Ich denke heute manchmal an das altertümliche Wort „tüchtig“. Hat Oma gemeint, dass Essen Arbeit ist? Dass man darin handwerklich geschickt werden kann? Ich kann sie nicht mehr fragen. Oder meinte sie so etwas wie „Esst, damit ihr tüchtig werdet!“
Meine Oma hatte ziemlich sicher keine Ahnung, was Gojibeeren, Açaibeeren oder Chiasamen sind. Sie gelten als „Superfood“ und sollen helfen, unsere Körperfunktionen besser zu steuern. Laut ihren Vermarktern erlauben sie mir, mich auf der Arbeit oder vor Prüfungen besser konzentrieren zu können. Oder nachher runterzukommen, mit meinem Blutdruck und Stress. Und langsamer altern soll ich angeblich damit auch. So richtig wissenschaftlich nachgewiesen ist das nicht, aber ich merke beim Sport und im sonstigen Alltag schon, wie mich gutes Essen fitter macht als schlechtes oder fehlendes Essen. Der Magen und Darm sind wohl für mein Bewusstsein und Körpergefühl außerordentlich wichtig.
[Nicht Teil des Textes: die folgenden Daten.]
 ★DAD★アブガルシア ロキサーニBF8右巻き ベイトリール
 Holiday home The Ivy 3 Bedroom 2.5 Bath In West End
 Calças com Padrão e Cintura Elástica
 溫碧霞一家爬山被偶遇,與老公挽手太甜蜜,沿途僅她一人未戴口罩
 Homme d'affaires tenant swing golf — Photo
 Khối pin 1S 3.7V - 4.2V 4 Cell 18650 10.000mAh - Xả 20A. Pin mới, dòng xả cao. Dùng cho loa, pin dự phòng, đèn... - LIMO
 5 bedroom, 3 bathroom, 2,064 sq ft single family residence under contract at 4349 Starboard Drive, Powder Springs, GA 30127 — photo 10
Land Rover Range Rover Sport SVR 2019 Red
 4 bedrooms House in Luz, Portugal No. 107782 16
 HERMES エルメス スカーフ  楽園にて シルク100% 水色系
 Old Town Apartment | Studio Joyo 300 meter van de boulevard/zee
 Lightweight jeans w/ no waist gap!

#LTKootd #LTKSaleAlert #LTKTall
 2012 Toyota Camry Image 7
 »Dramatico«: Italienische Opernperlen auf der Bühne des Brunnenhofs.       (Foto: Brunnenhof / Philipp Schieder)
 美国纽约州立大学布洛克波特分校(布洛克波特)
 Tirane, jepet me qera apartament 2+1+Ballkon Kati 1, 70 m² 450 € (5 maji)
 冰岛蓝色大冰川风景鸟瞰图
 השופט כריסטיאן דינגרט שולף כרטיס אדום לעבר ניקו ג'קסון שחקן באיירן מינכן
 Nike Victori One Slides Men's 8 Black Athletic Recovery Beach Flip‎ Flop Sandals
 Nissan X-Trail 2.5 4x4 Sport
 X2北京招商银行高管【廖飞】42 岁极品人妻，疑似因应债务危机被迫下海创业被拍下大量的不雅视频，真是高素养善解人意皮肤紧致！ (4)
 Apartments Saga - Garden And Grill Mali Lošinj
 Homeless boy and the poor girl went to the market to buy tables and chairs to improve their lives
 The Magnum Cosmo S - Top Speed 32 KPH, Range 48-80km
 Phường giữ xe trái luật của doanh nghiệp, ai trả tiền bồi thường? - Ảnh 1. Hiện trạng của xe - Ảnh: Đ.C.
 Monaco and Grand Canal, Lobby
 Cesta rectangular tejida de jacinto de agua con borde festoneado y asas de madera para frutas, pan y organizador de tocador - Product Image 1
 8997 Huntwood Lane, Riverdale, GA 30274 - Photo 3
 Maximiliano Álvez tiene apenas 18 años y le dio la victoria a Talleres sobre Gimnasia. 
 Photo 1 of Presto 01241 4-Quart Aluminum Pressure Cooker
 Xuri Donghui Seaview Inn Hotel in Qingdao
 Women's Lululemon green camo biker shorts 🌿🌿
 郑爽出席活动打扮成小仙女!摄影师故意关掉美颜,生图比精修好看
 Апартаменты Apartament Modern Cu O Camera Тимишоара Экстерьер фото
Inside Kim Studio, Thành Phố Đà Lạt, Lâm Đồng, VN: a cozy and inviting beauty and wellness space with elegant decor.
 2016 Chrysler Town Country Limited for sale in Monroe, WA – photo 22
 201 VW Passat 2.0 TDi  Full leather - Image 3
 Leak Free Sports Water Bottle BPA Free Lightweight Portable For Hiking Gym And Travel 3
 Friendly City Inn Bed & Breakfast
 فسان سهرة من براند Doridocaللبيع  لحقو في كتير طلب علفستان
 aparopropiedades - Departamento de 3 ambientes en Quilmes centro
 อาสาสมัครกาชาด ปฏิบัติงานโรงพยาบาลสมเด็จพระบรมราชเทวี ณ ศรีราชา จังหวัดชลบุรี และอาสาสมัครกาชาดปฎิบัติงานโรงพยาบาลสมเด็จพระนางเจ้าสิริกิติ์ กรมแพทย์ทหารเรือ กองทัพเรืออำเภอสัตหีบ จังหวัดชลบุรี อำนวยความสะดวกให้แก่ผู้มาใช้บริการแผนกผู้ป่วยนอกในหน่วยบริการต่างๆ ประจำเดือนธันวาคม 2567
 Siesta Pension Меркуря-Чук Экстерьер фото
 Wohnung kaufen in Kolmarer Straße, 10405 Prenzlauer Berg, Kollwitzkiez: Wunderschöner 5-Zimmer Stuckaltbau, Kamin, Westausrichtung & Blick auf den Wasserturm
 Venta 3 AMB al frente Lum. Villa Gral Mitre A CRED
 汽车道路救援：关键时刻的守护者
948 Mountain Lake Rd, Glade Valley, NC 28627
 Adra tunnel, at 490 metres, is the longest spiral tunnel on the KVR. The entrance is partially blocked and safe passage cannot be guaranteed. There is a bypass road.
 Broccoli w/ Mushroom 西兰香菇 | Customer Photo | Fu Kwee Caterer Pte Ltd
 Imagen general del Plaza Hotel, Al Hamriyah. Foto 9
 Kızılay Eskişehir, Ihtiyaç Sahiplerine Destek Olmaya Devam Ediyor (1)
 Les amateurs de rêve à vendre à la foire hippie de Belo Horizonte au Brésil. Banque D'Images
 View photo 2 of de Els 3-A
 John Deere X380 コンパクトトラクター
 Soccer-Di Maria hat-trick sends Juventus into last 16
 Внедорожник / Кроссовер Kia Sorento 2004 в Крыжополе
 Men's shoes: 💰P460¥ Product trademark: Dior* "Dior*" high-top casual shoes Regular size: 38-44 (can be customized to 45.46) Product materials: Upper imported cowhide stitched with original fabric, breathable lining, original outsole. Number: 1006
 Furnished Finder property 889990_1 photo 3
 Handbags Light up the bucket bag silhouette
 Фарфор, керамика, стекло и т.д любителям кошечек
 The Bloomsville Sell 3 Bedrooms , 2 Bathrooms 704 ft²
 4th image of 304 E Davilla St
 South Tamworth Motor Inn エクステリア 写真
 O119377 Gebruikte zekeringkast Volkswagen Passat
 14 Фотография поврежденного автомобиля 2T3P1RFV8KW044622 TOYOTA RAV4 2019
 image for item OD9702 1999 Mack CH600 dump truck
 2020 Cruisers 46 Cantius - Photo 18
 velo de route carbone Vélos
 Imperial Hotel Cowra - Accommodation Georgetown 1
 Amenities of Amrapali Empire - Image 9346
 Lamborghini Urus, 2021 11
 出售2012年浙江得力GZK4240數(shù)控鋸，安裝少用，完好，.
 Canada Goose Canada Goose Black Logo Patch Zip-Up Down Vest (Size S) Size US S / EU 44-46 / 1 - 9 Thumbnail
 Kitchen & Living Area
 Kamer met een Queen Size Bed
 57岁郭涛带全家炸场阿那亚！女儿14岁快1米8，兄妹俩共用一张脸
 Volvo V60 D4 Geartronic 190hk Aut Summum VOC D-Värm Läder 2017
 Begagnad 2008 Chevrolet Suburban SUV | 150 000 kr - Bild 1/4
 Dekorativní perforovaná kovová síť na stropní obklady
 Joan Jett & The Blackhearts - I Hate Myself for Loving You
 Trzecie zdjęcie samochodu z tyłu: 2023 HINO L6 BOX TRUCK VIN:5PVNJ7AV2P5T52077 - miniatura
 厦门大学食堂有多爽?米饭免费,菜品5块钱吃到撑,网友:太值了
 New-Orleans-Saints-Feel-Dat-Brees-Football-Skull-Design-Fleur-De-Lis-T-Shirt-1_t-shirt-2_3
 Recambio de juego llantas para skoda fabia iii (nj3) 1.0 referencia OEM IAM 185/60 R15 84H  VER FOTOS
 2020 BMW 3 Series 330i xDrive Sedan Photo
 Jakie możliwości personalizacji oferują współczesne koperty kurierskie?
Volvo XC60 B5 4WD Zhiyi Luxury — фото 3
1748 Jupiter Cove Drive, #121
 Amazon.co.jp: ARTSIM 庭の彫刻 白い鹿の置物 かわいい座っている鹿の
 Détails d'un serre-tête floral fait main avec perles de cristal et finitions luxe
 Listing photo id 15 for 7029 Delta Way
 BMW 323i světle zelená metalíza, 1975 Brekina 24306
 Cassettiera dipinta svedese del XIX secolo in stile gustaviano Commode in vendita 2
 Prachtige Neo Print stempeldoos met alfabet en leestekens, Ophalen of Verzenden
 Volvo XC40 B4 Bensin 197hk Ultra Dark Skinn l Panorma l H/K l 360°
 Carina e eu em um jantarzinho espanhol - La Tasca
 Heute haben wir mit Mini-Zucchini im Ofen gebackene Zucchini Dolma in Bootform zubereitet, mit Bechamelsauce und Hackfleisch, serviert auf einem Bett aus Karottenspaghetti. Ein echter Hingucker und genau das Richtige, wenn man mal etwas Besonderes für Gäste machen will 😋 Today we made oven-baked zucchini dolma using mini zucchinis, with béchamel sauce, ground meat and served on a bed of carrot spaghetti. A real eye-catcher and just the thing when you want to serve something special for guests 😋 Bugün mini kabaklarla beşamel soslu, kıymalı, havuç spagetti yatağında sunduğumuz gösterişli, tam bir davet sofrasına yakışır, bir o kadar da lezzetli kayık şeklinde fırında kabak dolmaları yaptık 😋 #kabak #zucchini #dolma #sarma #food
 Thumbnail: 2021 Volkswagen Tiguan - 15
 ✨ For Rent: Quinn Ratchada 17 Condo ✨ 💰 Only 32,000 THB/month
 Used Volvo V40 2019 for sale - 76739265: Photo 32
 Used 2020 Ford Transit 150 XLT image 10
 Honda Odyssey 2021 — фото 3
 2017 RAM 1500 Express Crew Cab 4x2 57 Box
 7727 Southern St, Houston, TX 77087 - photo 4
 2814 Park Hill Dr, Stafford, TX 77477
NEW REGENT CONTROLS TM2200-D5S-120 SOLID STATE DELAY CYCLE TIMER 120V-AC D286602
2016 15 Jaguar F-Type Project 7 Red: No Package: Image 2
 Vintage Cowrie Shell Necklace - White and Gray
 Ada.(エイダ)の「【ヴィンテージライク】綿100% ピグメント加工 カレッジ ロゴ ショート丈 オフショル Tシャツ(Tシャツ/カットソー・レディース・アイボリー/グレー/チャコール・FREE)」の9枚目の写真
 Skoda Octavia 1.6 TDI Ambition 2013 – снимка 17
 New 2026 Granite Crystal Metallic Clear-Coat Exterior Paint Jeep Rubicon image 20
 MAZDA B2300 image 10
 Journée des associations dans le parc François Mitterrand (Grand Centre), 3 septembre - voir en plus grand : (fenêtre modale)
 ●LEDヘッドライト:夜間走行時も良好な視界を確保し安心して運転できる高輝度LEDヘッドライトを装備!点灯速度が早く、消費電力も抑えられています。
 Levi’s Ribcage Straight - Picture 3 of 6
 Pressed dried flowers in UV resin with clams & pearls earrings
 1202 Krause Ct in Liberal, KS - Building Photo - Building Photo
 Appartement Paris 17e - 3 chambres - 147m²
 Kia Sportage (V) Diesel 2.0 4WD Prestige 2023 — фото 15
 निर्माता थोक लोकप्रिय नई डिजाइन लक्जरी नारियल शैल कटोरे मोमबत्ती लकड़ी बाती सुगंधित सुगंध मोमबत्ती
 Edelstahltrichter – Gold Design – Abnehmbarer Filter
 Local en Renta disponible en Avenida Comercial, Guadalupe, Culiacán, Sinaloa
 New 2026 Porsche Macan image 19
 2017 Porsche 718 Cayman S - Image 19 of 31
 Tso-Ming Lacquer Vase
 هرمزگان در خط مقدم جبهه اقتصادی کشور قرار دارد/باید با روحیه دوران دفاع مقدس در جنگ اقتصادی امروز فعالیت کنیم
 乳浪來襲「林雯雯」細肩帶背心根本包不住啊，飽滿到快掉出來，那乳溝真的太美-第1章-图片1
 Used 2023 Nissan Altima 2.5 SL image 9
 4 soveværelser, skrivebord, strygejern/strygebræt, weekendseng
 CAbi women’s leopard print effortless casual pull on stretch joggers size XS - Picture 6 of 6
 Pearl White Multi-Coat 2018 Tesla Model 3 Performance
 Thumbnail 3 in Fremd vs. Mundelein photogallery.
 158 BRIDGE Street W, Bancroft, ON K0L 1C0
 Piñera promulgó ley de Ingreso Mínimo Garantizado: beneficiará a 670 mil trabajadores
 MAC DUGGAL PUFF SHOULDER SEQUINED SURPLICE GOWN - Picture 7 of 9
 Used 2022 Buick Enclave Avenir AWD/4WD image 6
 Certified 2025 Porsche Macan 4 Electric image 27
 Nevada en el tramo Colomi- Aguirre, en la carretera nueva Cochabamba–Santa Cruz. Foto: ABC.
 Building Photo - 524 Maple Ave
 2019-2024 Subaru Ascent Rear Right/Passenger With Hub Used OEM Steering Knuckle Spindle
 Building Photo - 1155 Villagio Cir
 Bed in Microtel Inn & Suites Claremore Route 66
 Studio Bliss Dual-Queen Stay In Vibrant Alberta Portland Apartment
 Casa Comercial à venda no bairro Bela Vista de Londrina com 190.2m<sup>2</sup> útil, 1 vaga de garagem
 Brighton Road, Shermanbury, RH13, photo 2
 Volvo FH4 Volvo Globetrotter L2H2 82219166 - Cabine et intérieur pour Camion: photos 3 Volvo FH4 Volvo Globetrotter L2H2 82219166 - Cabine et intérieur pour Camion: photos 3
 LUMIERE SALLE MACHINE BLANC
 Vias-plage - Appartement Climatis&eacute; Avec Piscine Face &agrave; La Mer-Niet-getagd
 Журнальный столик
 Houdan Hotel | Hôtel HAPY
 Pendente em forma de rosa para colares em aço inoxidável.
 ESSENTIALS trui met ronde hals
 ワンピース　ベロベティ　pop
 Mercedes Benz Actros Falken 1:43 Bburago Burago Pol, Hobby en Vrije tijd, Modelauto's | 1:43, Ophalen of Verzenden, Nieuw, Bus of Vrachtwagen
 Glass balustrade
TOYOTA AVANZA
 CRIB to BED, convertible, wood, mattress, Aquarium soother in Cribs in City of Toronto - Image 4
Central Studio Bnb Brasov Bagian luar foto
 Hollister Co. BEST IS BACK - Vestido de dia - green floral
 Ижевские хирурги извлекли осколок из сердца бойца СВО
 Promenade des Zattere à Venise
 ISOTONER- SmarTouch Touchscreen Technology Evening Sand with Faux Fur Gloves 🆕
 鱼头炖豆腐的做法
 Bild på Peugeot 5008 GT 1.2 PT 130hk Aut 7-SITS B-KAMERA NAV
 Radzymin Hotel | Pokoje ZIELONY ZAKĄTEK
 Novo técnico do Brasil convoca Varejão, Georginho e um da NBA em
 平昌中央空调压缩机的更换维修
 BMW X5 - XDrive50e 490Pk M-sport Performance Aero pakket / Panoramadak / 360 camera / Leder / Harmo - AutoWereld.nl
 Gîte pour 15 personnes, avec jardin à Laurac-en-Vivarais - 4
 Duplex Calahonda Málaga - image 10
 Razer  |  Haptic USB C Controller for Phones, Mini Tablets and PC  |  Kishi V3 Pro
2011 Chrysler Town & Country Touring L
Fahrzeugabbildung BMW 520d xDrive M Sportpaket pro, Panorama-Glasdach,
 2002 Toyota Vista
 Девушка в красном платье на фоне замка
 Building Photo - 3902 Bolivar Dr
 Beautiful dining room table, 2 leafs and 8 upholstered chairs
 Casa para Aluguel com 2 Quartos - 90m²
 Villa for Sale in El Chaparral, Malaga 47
Der Prophet Elia wusste auch nicht, was ein Chiasame sein soll. Er musste sich vor einer Königin und ihren Priestern in der Wüste verstecken und hatte mit dem Leben ziemlich abgeschlossen. „Burnout“, so würde man es heute sagen.
Gott hat mit ihm aber noch einen anderen Plan. Er soll zurückgehen, in die Stadt, in die Höhle des Löwen. Und soll zu Ende bringen, was er mit seinen Predigten begonnen hat. Das Volk Israel soll sich von seinem Irrweg zurück auf den Pfad der Tugend begeben.
Aber bevor das losgeht, wundert er sich in seinem Versteck über einen Teller und Essen darauf, der plötzlich da ist. Er soll sich Mut anessen für den schweren Weg, so sagt ihm ein Bote Gottes. Einige Tage lang wird das immer wieder so gehen, dass Elia sich auf wundersame Weise aufpäppeln und stärken lässt. Und dass er danach einer der großen Propheten des Alten Testaments wird, mit dem später noch Jesus verwechselt werden wird.
Was hätte sich meine Oma über so eine Bestätigung ihrer Theorie zum Mittagessen gefreut.
Ich wünsche Ihnen in diesem Monat einen immer gut und lecker gefüllten Teller und jemanden, mit dem Sie ihn teilen können!